Pero hay que ser claros: no ha sido sólo la clase política dirigente -la soberanista al menos- la que nos ha llevado hasta aquí sino la clase dirigente en general: líderes de opinión, tertulianos, intelectuales, algunos empresarios e incuso medios de comunicación públicos y privados.
El exconsejero con Pasqual Maragall Josep Maria Vallés afirmaba este martes en una entrevista en la contraportada de La Vanguardia que,
para ser independientes, se precisaban tres condiciones: “una mayoría social incuestionable”, el “apoyo incondicional de una gran potencia” y la capacidad de “asumir grandes sacrificios materiales y humanos”. Ninguna se cumplió.
¿Pero ustedes creen que no lo sabían? Sabían perfectamente que si no era imposible era mucho más difícil de lo que decían en público. Por intereses personales y económicos -más que por convicciones ideológicas- prefirieron callar, mirar hacia otro lado o simplemente no decir la verdad.

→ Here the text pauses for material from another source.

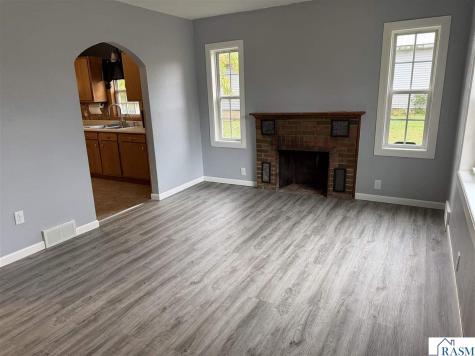 1116 N Armstrong Boulevard St. James MN 56081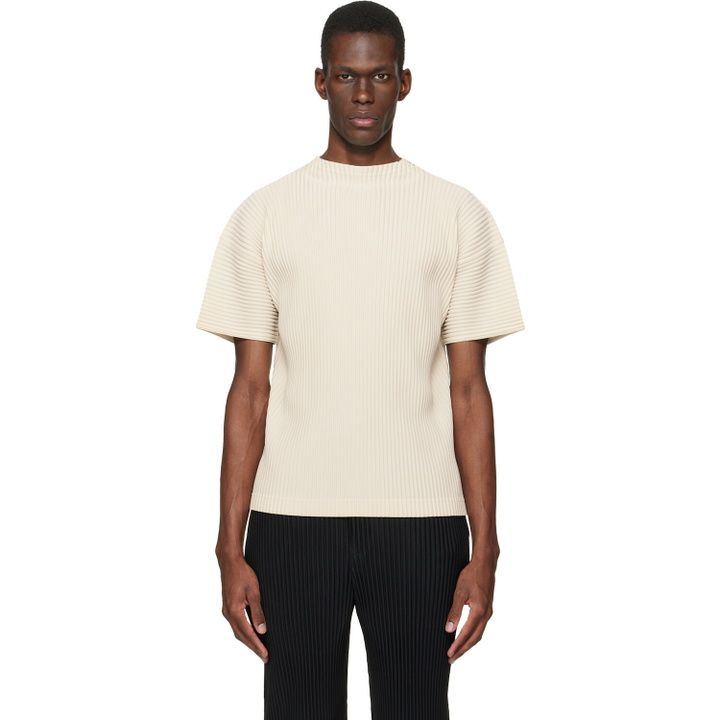 Photo: HOMME PLISSÉ ISSEY MIYAKE Beige Monthly Colors March T-shirt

Los que tienen la paciencia de leerme ya saben que he afirmado con frecuencia que
las revoluciones las hacen los descamisados, los hambrientos, los que no tienen nada que perder. No gente con segunda residencia en la Cerdanya o el Empordà.
Cataluña es, en estos momentos, un juguete roto por una clase dirigente que apretó el acelerador pensando que así podría mandar siempre. Costará mucho reparar el daño causado. Quizá incluso un par de generaciones. Y que no vaya a peor. Esto sí que lo tenemos a tocar.